So, now that I've offended or creeped out or disgusted you, dear reader, I'll get to the thoughtful blog post I'm about to write.

I haven't got a haircut in two months. I used to go twice a month, to keep my shit lookin fresh, but I started having severe panic attacks in the barber's chair, so I've put that on hold for a bit. The last time I went I thought I was good to good, I was all happy and shit, until I started thinking about having a panic attack, and then I had a panic attack. It's really fucking embarrassing to have a panic attack like that, which just makes everything worse, not everybody really gets it, and trying to explain to people who don't know firsthand just makes you sound like a pitiful moron, or at least it feels like it. I had to act like I was super hungover and needed to take a break for ten minutes before I could finish my haircut, then I went and sat in my car for half an hour afterward, hating myself and everything around me and feeling like a fuckin twelve year old who just got punched in the stomach and thrown in a trash can and made fun of for not even having lunch money to take.

So, I'm growing my hair out. And, I'm growing my beard out too! I look like shit. More importantly, however, I feel like shit, but that's not new, so fuck it.

When I met my late wife I had a beautiful bowl cut, longish bleached-blonde and Kool-Aided-green hair draped over the shaved sides of my head and tops of my ears like little curtains of punk rock confidence. I was like four feet tall, awkward as fuck, probably smelly, and really fuckin shy. I still remember meeting her that first time, I was wearing a bright yellow shirt and her best friend came over and told me "my friend thinks you're cute." I had no idea how to respond, it was the first day of seventh grade, and one of the cool eighth-graders had just shattered my frame. If you've ever seen that Godsmack CD that's red, I think, with the girl's face on it, that's what she looked like, cool and sexy and intimidating; and I looked like one of the poor kids from The Sandlot that didn't make it on screen because I was too sad. I went over to where she was standing, but obviously I didn't say or do anything. And that's where the memory fades, I don't know exactly what happened next, but by that Friday she told me she was my girlfriend.

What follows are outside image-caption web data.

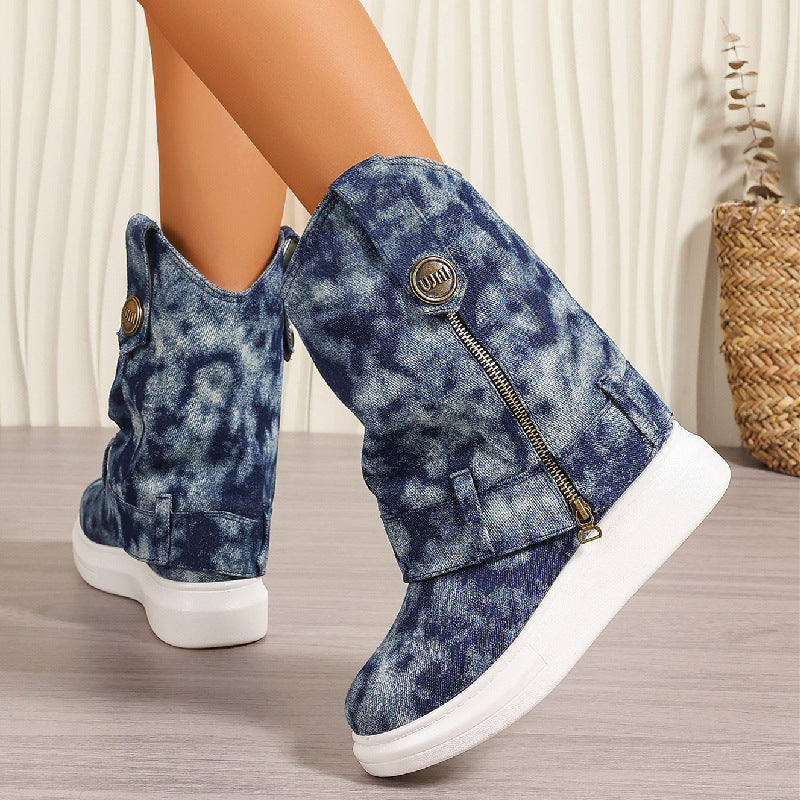 Schlankmachender kleiner Western-Cowboystiefel in Übergröße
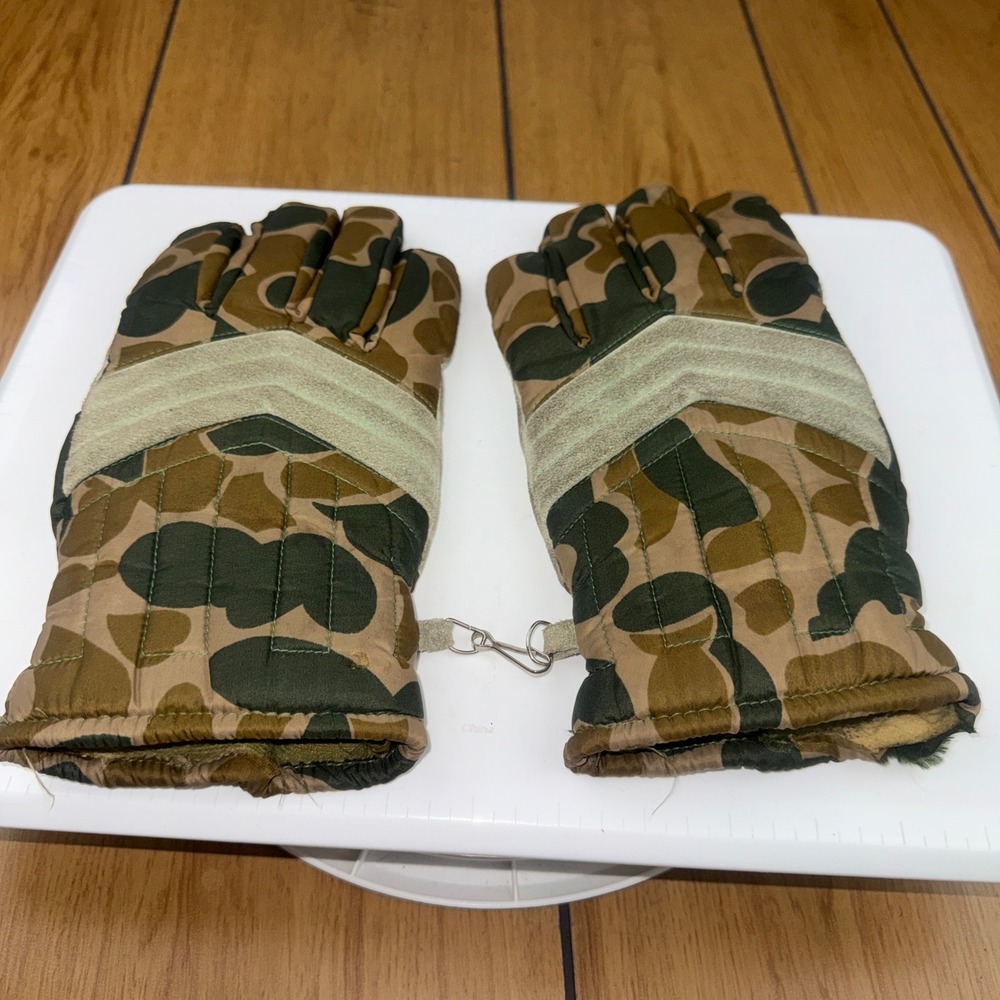 Vintage Sears Duck Camo Hunting Gloves Leather Palm Rubberized Nylon Mens Large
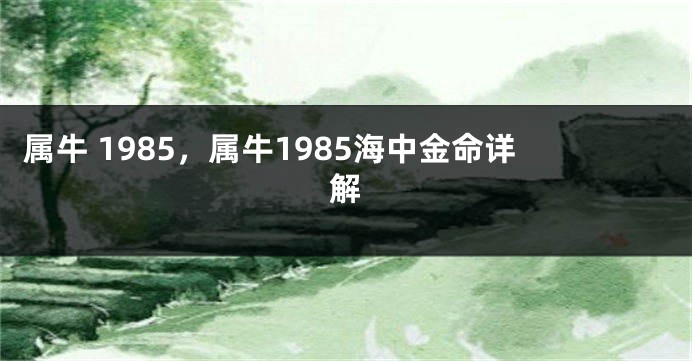 属牛 1985，属牛1985海中金命详解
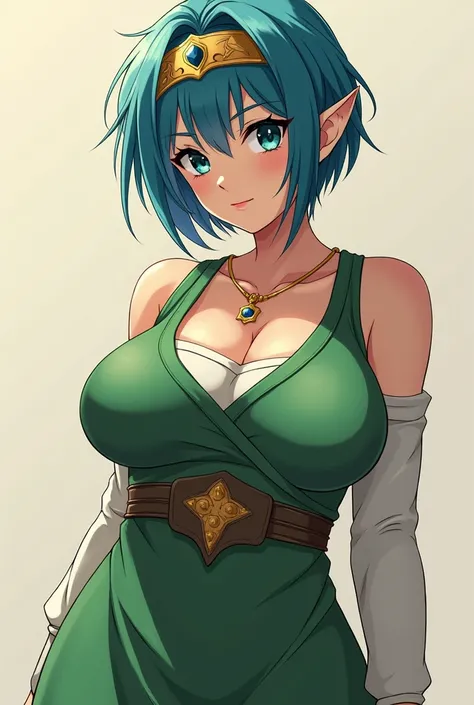 a thicc fit anime girl, short blue pixie haircut, dark green eyes, large breasts, cosplaying princess zelda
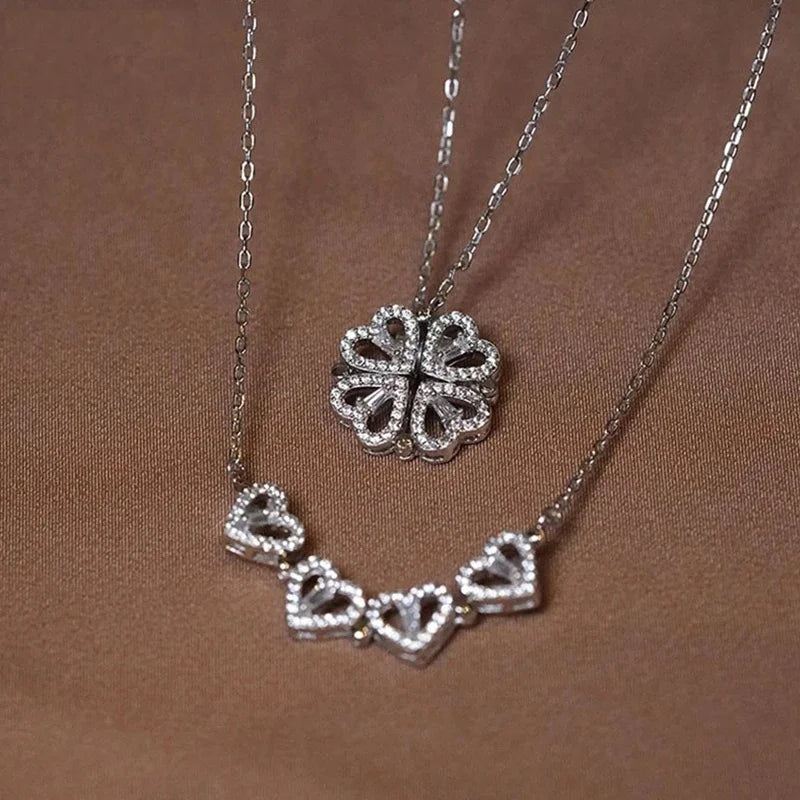 Heart Four Leaf Clover Pendant Necklace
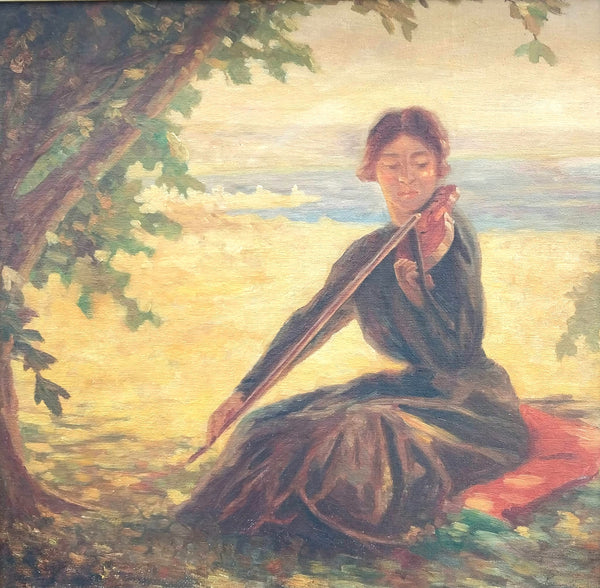 Karl Albert Buehr Original Antique American Giverny Colony Impressionist Violinist in Pastoral California Landscape Oil Painting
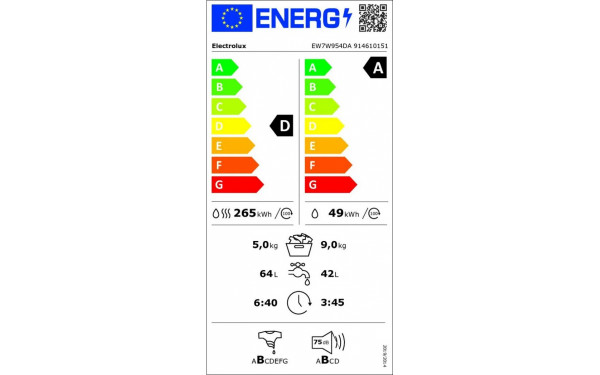ELECTROLUX EW7W954DA - &Eacute;tiquette &eacute;nergie v2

We "dated" for two glorious weeks. Then her ex beat me up and they got back together. We spent the next few years meandering in-and-out of each other's lives, and eventually we got married and made babies, also a lot of memories, also mistakes and accomplishments.

I was thinking earlier about how much I hate myself. I think about that a lot, so it's not like I'm extra sad or anything, but I did kinda trip myself out a bit thinking about the thingsI've done in my life, and all the things I still want to do.

My late wife loved the shit outta me. I think I never fully understood how much or why, because I have always been insecure and unsure of myself and relied, heavily, on external feedback and validation to form my sense of self. We all do that, but I'm pretty sure I cross the line into dysfunctional, maladaptive codependency, but that's pretty much the boat we're all in nowadays anyway, and I've found that really all it takes to get up out of the funk bubbles I trap myself in is some serious self-reflection and a little bit of hard work. I loved the shit outta her too, and all was well with the cosmos. At least things were well enough that we, like, had a comfortable life and shit, and we were working toward our shared goals. The thing that tripped me out was remembering that, while I have always had a hard time with myself, being myself and accepting myself and doing something worthwhile with myself, my wife always loved me and believed in me, whatever that means, and wanted me to do all the things I so foolishly wanted to do myself.

Back when we met I was still coming into myself, and she was pretty instrumental in that. After I finished puberty and stopped watching Power Rangers I became a punk rocker, and a lot of things became important to me. I started really caring about the state of the world and the conditions of the people in it, all the genocides and oppression and exploitation and bigotry that comprise the status quo. I read Noam Chomsky and Michael Parenti, then discovered Huey Newton and the real Martin Luther King, not the defanged, polite one they like to teach about, and from there I read Marx and Kropotkin and Bakunin, and finally moved on to Derrida and Foucault and Benjamin and Marcuse and the other freaky European sodomizers (oops, misspelled philosophers). All that shit really mattered to me, and I thought I would grow up and join the fight.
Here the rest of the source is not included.